Pre-SIP: A Syntax for Collection Literals

bishabosha · January 16, 2025, 8:29am

I would be (Edit: kind-of) in favor if the map syntax didn’t use arrows - i think = is fine,

val foo = [1 = "abc", 2 = "xyz"]

but for that case, introduce a second type class that explicitly deals with Key/Value.

using -> to mean “pair” isnt harmed by this imo, because the above reads as “map literal”, rather than the current proposals “sequence literal of pairs”.

Sporarum · January 16, 2025, 8:35am

I forgot about this part, and I think it should not be overlooked

Explanation:

The apply method already exists on collections, and it uses a Seq as input, so the following is not compiled in a smart way:

IArray(a, b, c)
// desugars to
IArray.apply(Seq(a, b, c)) // constructs a Seq
// and not to some optimised memory creation

But this would not (necessarily) be the case for brackets:

This means people who care about this kind of impact in performance will have to use the bracket syntax, even in cases where the old way is more readable

This only applies to libraries which have to stay binary compatible with their version before this update, but that might be a lot of libraries, notably the standard one !

gaeljw · January 16, 2025, 9:00am

I tend to agree with the reasons already mentioned above against the proposal.

IMHO it brings a tiny improvement for very few users compared to the confusion and language complexity it creates.

sjrd · January 16, 2025, 9:46am

It was mentioned before, but I’ll add some more opposition to the “default to Map if the arguments have the a -> b shape of tree” aspect of the proposal.

We have no precedent in Scala to do something different based on the shape of subtrees (and other than some corner cases in JavaScript about eval, I don’t know of any other language that does something like that).
It doesn’t generalize to 0: ["a" -> 1, "b" -> 2] is a map, ["a" -> 1] is a map, but [] a seq!
None of the arguments about familiarity from other languages apply to it: other languages explicitly have a different syntax (often {}-based) for maps/dictionaries.

odersky · January 16, 2025, 12:16pm

I don’t think that follows. The apply method in a companion object can be a macro just as well as the fromLiteral method can be a macro.

majk-p · January 16, 2025, 12:24pm

I appreciate the will of making Scala a better language, but I’ve got some concerns about this proposal. Firstly, it may create additional work for tooling maintainers. According to the recent announcement from Scala Space (Scala Space in 2025), they intend to focus on stability (they mention Metals, but that’s many tools under the hood), and introducing new syntax might not align with that goal.

Additionally, the extra syntax could pose a mental burden for developers, increasing the learning curve.

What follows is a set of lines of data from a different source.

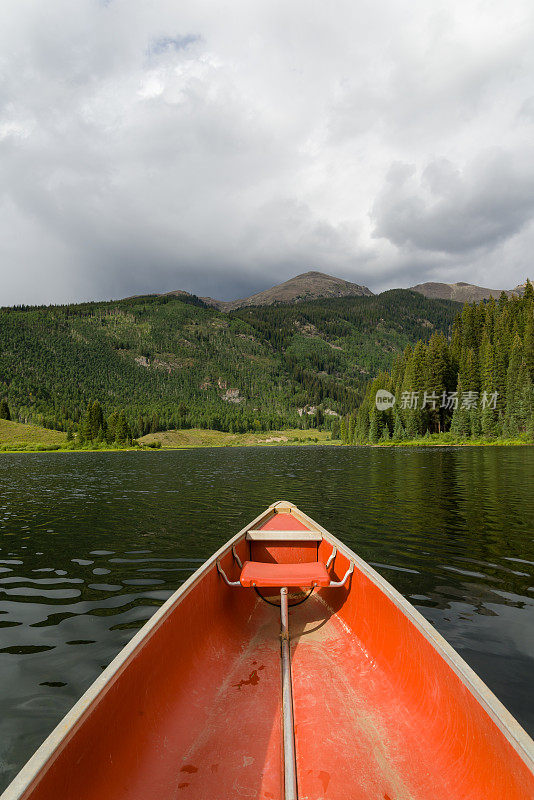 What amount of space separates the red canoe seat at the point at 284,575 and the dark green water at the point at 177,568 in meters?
3.11

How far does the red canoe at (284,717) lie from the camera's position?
3.59 meters

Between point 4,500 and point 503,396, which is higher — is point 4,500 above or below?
below

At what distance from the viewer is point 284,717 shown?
15.9 feet

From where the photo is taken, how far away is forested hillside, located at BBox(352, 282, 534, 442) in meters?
95.6

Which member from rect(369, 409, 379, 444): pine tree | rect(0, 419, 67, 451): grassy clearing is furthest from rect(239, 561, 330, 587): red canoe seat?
rect(0, 419, 67, 451): grassy clearing

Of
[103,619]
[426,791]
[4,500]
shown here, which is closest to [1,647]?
[103,619]

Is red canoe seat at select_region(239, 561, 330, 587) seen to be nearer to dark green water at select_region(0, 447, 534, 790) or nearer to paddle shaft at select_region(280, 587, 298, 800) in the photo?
paddle shaft at select_region(280, 587, 298, 800)

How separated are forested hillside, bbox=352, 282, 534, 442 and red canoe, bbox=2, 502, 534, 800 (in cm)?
9987

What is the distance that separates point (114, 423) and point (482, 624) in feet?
619

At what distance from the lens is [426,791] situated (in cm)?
407

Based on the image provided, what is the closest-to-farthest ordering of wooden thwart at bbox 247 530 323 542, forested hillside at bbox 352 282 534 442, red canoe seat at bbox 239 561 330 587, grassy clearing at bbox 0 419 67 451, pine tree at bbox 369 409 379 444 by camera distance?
red canoe seat at bbox 239 561 330 587
wooden thwart at bbox 247 530 323 542
forested hillside at bbox 352 282 534 442
pine tree at bbox 369 409 379 444
grassy clearing at bbox 0 419 67 451

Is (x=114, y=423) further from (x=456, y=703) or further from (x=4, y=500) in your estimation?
(x=456, y=703)

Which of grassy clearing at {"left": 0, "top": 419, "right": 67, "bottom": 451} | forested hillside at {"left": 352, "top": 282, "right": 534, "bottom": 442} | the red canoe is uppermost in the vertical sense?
forested hillside at {"left": 352, "top": 282, "right": 534, "bottom": 442}

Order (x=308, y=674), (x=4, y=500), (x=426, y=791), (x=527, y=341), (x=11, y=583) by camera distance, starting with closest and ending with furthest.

While there might be benefits to the new syntax, I’m worried that they may not outweigh the associated costs.

channingwalton · January 16, 2025, 12:24pm

I have no objection to the idea in itself, although its incredibly rare for me to have to create collections like this in practice in the kinds of systems I work on (order management, commerce, finance for example).

My objection is that this isn’t the kind of feature that time should be spent on.

The biggest problems facing developers is compiler performance and IDE support, both of which are major impediments to adoption in my experience, and probably the main reason for Scala’s falling popularity.

Basically, there are more important things to work on.

prolativ · January 16, 2025, 12:40pm

Why not have dedicated types for collection literals like

sealed trait CollectionLiteral
trait SeqLikeLiteral[+A] extends CollectionLiteral // e.g. ["foo1", "foo2"]
trait MapLikeLiteral[+K, +V] extends CollectionLiteral // e.g. [foo = "bar"]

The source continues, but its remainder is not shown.